Как изумление доходит до рассудка, до Андрея дошёл весь смысл ситуации. Мариам, безусловно, всё ясно, она лишь выжидала, как поведёт себя муж.
— Что же мы не веселимся? — спросила Катя. — О, с таким вином… Что это, Италия? Это я не поддерживаю. Андрюша, ты же сам говорил, что такое вино только для мытья раковин. На свете нет никакого вина, кроме абхазского. Если ты ещё хоть раз попробуешь его, уверена: никогда в жизни не притронешься к любому другому…
Он увидел в её глазах отражение безмерной тоски и нараставшего бунта души, которую уже ничто не повернёт к нему. Она — муки сомнения растерявшегося человека, не имевшего твёрдых желаний. Не видя Мариам, Андрей явственно чувствовал её взгляд, парализовавший его, сковавший по рукам и ногам, прилепивший язык к нёбу.
Затянувшись сигаретой, выдохнув дым ему в лицо, Катя сказала отрывисто, в своей обычной манере, стаккато:
— Ну, знаешь… Ты что, не хочешь со мной разговаривать?
Андрей посмотрел на Мариам. Её переполненный подозрением взгляд ещё больше ошеломил его. Никогда не был он так растерян и напуган, — ни перед поединком с более сильным противником, ни в кабинете у следователя, ни в камере перед уголовниками, собравшимися его опустить. Растерянность была так велика, что Андрей подумал: пусть как угодно всё закончится, лишь бы поскорее.
Он повернулся к Кате, и силы начали возвращаться к нему. Нельзя отпустить её, не объяснившись. Но как это сделать в присутствии жены?
Тошное чувство охватило его. Там, где требовалась сила, он ощутил эту непонятно откуда взявшуюся хлипкую, мотыльковую субтильность. Мариам победила, он спасовал перед ней. Пришла к концу его мечта о возврате в гиперреальность, где они вдвоём — он и Катя — и их большая, как небо, любовь.
Катя помахала кому-то рукой, и неуклюже поднявшись с места, чуть не уронив на пол пепельницу, направилась к выходу. В этот момент она казалась лёгкой тенью, следовавшей за уходящей жизнью.
Андрею стало ясно, что её не вернуть, как вчерашний день. Он не только не найдёт в себе силы, чтобы пойти за ней, под взглядом Мариам он даже не посмел посмотреть Кате вслед.
Как ни в чём не бывало, Мариам продолжила свой рассказ об Израиле. Олег заказал ещё вина, а также десерт, предупредив официантку: «принесите то, что быстрее всего готовится».
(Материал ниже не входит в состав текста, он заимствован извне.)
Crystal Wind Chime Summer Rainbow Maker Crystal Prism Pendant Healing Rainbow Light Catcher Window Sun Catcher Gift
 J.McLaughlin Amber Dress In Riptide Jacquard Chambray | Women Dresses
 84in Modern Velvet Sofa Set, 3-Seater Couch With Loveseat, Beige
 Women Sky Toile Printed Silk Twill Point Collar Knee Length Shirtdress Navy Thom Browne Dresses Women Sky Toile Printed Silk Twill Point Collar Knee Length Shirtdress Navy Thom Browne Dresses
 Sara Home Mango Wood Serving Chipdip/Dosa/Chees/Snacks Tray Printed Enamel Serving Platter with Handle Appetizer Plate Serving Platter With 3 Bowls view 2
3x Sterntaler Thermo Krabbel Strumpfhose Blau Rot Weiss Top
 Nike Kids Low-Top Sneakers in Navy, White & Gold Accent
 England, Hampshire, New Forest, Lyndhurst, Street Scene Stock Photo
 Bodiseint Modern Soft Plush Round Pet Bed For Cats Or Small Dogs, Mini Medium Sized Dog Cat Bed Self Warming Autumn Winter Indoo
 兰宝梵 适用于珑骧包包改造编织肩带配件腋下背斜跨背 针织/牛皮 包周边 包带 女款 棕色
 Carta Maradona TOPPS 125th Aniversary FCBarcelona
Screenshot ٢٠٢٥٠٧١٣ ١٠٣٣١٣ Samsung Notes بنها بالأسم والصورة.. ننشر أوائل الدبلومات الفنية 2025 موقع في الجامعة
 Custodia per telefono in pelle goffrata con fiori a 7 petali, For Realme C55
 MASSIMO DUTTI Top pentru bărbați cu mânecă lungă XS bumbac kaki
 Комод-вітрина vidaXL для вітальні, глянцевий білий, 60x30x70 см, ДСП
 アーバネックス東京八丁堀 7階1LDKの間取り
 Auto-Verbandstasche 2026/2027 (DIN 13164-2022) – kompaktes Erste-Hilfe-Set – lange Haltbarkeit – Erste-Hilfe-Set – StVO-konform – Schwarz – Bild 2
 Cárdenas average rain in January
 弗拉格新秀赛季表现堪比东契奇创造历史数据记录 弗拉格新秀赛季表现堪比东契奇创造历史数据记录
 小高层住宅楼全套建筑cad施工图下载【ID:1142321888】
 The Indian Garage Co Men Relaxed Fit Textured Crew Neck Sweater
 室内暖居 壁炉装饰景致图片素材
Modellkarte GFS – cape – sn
Окончание вечера было ужасным. Никогда Андрей не видел столько фальшивых улыбок, и никогда не улыбался так фальшиво сам. Инцидент был забыт — и всем было ясно, что на время. О нём напоминала лишь истлевшая сигарета в пепельнице, застывшей у края стола.
Андрей вспоминал прошлое лето, — их с Катей лето.
Внезапно обожгла мысль: «У неё послезавтра день рождения!»
Когда вышли на улицу, Олег сказал, что хочет прогуляться, и до гостиницы дойдёт пешком. И его рослая, сильная фигура тотчас стала удаляться в сторону центральной лестницы, ведущей с набережной к фонтану «Дружба» и к Аллее Героев.
Мариам с притворной нежностью взяла Андрея под руку, спросила, не помешала ли она своим присутствием интимному разговору со старой подругой. И уточнила, сколько же ей лет, выглядела она кошмарно. Он что-то ей ответил в тон, она снова что-то спросила. Так продолжался разговор, в котором жена награждала соперницу, вступившую на её территорию, всяческими нелестными эпитетами. Андрей не пытался пресечь, понимая, что возмущение это законно. В конце концов, за всё время их знакомства, кроме неумелых попыток вызвать ревность, Мариам ни разу ни в чём не провинилась перед ним. Идеальная супруга, его вторая половина!
Он же был кругом виноват перед ней.
Они поднялись в гору, и весь путь до дома — четыре остановки — дошли пешком. И только у подъезда Мариам позволила себе по-настоящему возмутиться. Как эта образина посмела приблизиться к ним, начать дурацкий разговор, так смотреть на её мужа!? Что она себе позволяет? И почему он не прогнал её сразу, чего он ждал?